Web page caption snippets:
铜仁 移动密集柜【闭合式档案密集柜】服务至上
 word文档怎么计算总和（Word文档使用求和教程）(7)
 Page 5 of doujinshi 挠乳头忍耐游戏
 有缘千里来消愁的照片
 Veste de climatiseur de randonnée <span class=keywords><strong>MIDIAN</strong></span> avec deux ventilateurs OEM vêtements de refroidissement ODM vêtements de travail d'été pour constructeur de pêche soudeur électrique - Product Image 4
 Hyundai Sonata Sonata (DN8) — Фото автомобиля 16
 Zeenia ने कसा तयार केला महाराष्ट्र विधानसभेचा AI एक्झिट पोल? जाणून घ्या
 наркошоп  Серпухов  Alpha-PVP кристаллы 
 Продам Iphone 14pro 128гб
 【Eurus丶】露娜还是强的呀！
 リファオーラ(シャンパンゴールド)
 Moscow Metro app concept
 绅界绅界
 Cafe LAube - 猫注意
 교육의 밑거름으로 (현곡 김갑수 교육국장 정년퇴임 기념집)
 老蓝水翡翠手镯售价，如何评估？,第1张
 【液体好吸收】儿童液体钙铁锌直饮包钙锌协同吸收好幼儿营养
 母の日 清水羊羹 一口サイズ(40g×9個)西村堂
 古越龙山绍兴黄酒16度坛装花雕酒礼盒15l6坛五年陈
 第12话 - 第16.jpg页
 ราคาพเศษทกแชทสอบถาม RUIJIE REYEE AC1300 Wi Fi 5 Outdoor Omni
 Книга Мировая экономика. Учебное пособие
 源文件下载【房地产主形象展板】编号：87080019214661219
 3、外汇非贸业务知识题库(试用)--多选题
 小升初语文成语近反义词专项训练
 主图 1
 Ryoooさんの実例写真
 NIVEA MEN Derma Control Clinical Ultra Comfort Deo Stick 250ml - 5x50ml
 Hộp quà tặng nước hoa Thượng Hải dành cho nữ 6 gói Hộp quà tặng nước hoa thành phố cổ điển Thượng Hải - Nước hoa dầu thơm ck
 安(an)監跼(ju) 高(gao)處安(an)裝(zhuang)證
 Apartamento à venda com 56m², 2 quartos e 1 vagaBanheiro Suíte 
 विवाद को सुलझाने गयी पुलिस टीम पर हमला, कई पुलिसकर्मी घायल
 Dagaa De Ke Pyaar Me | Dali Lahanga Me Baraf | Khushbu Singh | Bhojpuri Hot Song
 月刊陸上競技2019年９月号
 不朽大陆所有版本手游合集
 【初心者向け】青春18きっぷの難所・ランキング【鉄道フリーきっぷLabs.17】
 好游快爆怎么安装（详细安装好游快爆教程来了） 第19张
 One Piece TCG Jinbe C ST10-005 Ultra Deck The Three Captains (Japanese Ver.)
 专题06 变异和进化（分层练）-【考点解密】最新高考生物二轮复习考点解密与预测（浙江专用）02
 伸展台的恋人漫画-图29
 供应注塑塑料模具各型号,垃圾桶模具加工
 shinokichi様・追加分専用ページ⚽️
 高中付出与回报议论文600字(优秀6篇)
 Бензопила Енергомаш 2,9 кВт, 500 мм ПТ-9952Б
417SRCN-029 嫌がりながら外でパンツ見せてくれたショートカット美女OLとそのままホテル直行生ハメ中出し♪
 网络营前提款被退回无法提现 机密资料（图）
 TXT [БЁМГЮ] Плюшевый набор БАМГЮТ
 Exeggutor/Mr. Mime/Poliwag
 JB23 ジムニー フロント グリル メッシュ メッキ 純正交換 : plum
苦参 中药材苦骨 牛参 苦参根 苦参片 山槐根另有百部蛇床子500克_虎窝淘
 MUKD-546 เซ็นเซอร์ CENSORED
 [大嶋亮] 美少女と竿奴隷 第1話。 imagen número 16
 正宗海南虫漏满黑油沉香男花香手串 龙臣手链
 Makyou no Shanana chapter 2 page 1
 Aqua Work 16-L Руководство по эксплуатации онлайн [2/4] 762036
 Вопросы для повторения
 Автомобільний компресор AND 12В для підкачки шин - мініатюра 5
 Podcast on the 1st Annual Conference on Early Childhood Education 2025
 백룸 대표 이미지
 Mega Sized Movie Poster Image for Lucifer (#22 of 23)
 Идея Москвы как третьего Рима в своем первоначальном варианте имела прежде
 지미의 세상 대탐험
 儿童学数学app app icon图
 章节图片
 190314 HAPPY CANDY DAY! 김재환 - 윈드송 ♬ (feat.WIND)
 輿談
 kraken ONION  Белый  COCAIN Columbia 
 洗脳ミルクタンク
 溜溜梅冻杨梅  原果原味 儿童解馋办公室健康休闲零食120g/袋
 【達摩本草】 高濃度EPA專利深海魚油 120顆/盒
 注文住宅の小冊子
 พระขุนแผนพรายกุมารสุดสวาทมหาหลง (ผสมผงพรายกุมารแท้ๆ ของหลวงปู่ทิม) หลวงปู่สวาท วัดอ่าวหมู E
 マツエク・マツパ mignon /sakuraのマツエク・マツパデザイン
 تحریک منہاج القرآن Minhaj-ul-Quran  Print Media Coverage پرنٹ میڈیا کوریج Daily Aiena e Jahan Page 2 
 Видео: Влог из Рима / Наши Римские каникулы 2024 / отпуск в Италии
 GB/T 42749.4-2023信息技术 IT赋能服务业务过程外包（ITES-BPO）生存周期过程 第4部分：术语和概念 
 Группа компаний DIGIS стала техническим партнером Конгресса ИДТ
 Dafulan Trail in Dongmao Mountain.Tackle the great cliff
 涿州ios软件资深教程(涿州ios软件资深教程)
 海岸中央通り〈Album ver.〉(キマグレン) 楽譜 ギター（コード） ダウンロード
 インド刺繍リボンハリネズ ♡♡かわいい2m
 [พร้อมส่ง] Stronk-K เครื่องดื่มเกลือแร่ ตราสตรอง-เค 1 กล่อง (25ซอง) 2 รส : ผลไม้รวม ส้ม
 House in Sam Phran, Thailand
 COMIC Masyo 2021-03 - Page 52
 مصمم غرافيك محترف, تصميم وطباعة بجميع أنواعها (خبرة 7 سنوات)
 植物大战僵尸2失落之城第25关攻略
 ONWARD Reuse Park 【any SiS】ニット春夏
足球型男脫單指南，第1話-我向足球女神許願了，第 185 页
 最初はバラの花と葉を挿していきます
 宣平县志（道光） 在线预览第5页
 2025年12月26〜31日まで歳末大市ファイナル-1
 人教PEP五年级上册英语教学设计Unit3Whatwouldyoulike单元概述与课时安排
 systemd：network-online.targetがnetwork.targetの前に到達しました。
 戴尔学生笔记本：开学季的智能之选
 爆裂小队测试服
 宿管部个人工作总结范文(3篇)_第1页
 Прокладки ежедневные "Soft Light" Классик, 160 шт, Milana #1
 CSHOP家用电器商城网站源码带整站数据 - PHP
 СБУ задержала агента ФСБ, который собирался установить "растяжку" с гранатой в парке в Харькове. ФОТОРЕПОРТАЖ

■ Assigned task ■
Copy out each line of the records above that includes "Ultra".

■ Task result ■
 NIVEA MEN Derma Control Clinical Ultra Comfort Deo Stick 250ml - 5x50ml
 One Piece TCG Jinbe C ST10-005 Ultra Deck The Three Captains (Japanese Ver.)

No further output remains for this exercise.